Constituant une grave atteinte au droit à la vie privée, la nouvelle loi autorise également le magistrat du district à exposer une copie de la déclaration de conversion, contenant les données personnelles de la personne convertie, sur un panneau d'affichage situé dans son bureau.

« C'est une loi atroce », a déclaré Faizan Mustafa, professeur de droit et vice-chancelier de l'Université de droit NALSAR d'Hyderabad.

« Avec le soutien écrasant dont bénéficie le BJP, quelle est la raison de ce programme régressif ? Ce n'est pas clair pour moi", a déclaré Mustafa Nouvelles du consortium. « À moins que le soutien soit uniquement destiné à ce programme. Pourquoi avez-vous besoin d’adopter une telle loi alors que votre base de soutien et de vote augmente ? En tout cas, sur le plan juridique, cela porte atteinte à la liberté individuelle.»

Décisions de la Cour suprême

La Cour suprême de l'Inde position est que le droit de propager sa religion n’inclut pas le droit de convertir les autres. Un jugement de 1977, Révérend Stanislas c.Madhya Pradesh, confirmé la validité de deux lois anti-conversion adoptées dans les années 1960, stipulant que le droit de convertir quelqu'un d'autre à sa propre religion n'était pas un droit fondamental.

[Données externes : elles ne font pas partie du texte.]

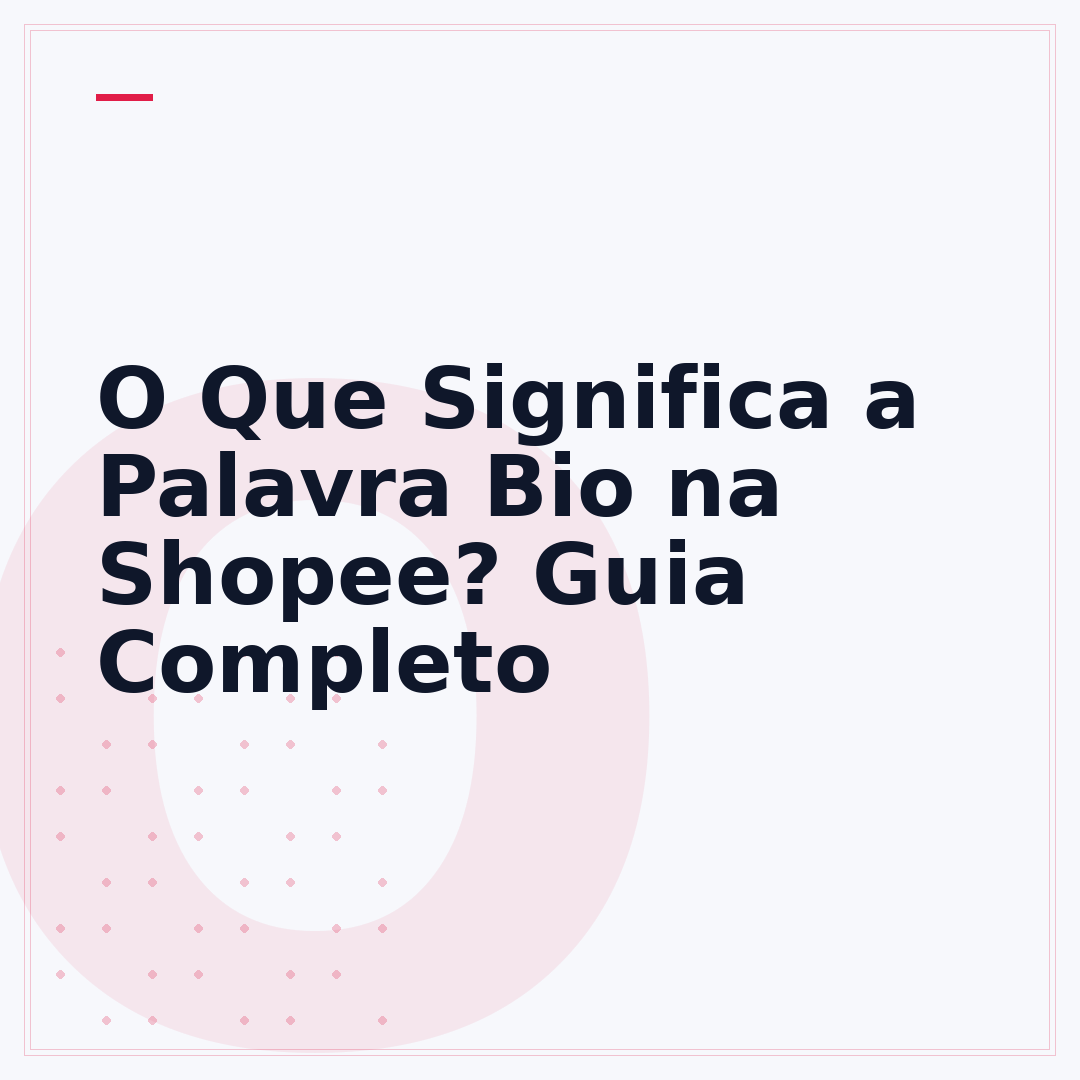 O Que Significa a Palavra Bio na Shopee? Guia Completo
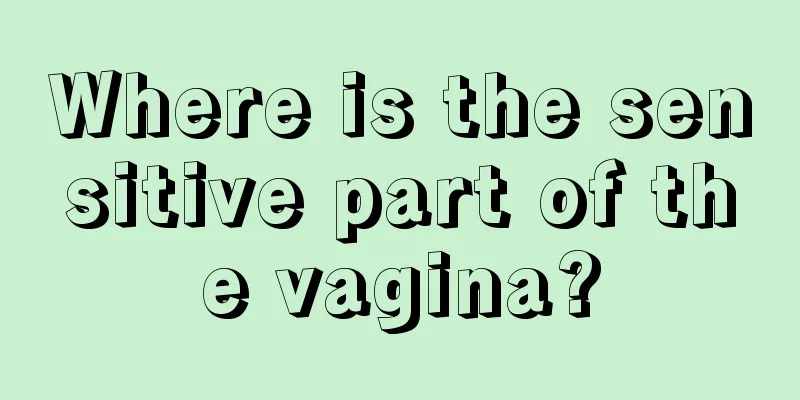 Where is the sensitive part of the vagina?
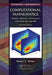 Computational Mathematics: Models, Methods, and Analysis with Matlab� And Mpi, Second Edition by Robert E. White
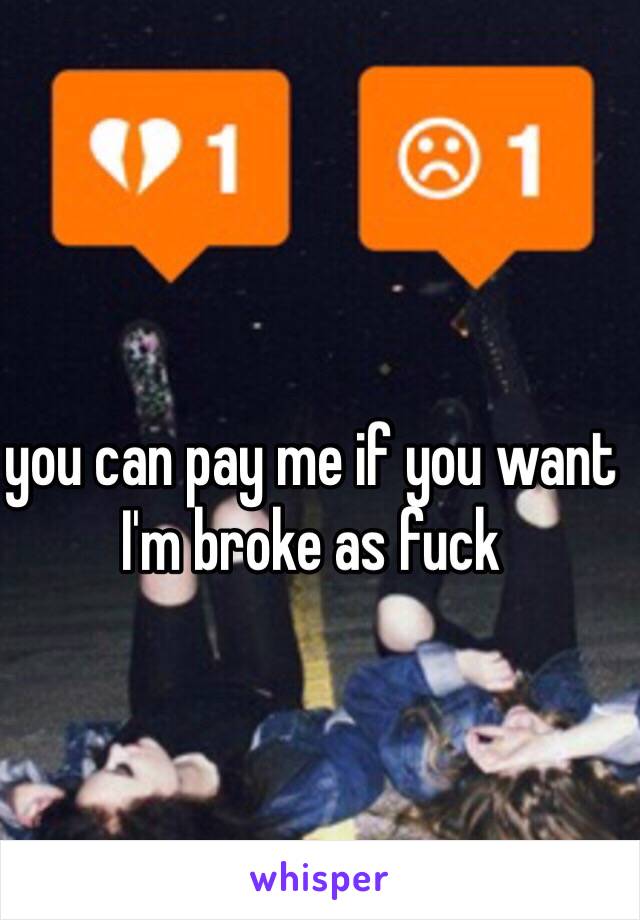 you can pay me if you want I'm broke as fuck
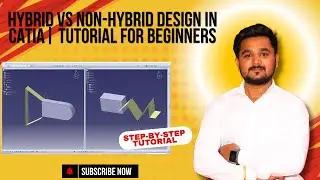 Hybrid vs Non-Hybrid Design in CATIA | Apna CAD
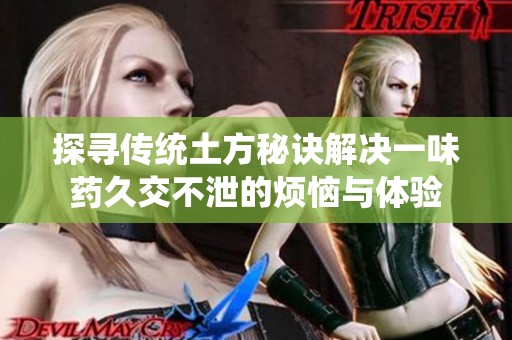 探寻传统土方秘诀解决一味药久交不泄的烦恼与体验
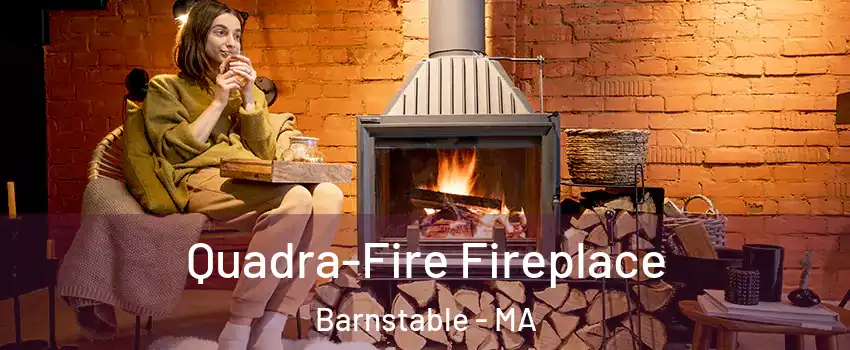  Quadra-Fire Fireplace Barnstable - MA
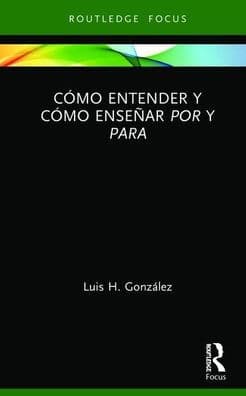 Cómo entender y cómo enseñar por y para by Luis H. González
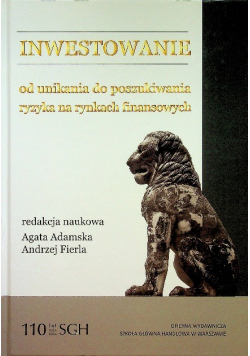 Inwestowanie od unikania do poszukiwania ryzyka finansowych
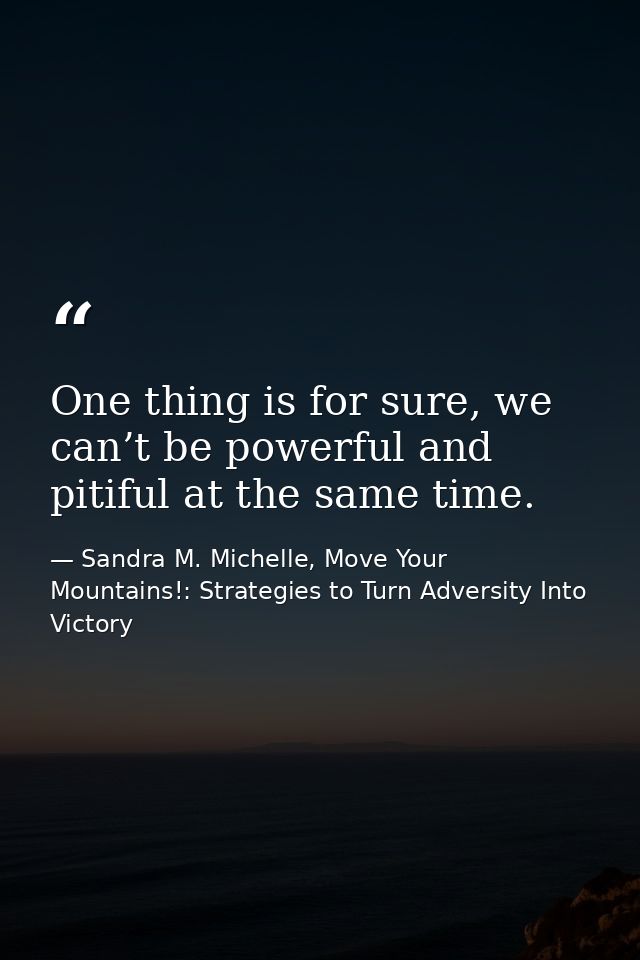 One thing is for sure, we can’t be powerful and pitiful at the same time. — Sandra M. Michelle, Move Your Mountains!: Strategies to Turn Adversity Into Victory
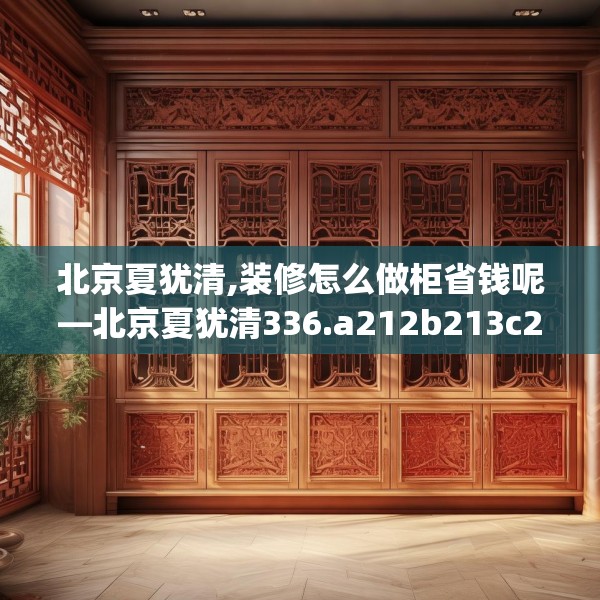 北京夏犹清,装修怎么做柜省钱呢—北京夏犹清336.a212b213c216fgy.223lkjl
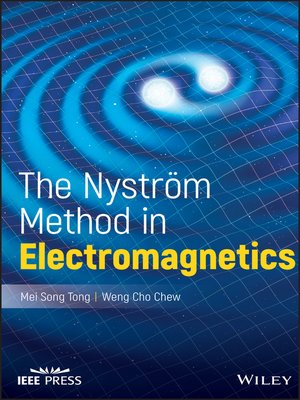 cover image of The Nystrom Method in Electromagnetics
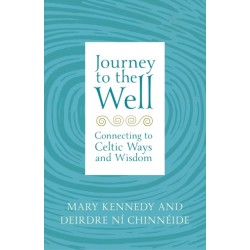 Journey to the Well: Connecting to Celtic Ways and Wisdom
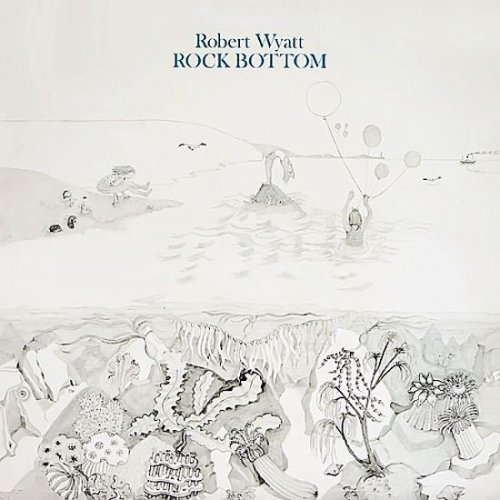 Robert Wyatt - Rock Bottom (1974) Vinyl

Mustafa a déclaré que la Cour suprême devait revoir sa position sur les conversions religieuses à la lumière du droit à la vie privée, devenu fondamental en 2017. « Ce jugement a été rendu à une époque où les droits fondamentaux n'étaient pas libéralisés », a-t-il déclaré. « Celui que vous épousez, celui que vous suivez, celui que vous dénoncez et que vous suivez à nouveau, ce n'est plus l'affaire de l'État. Il n’y a aucun intérêt impérieux de l’État.

Concernant le jugement de la Cour suprême de 1977, feu HM Seervai, un éminent juriste, a déclaré" Le jugement de la Cour suprême est clairement erroné et il est à l'origine du plus grand préjudice public et devrait être annulé. "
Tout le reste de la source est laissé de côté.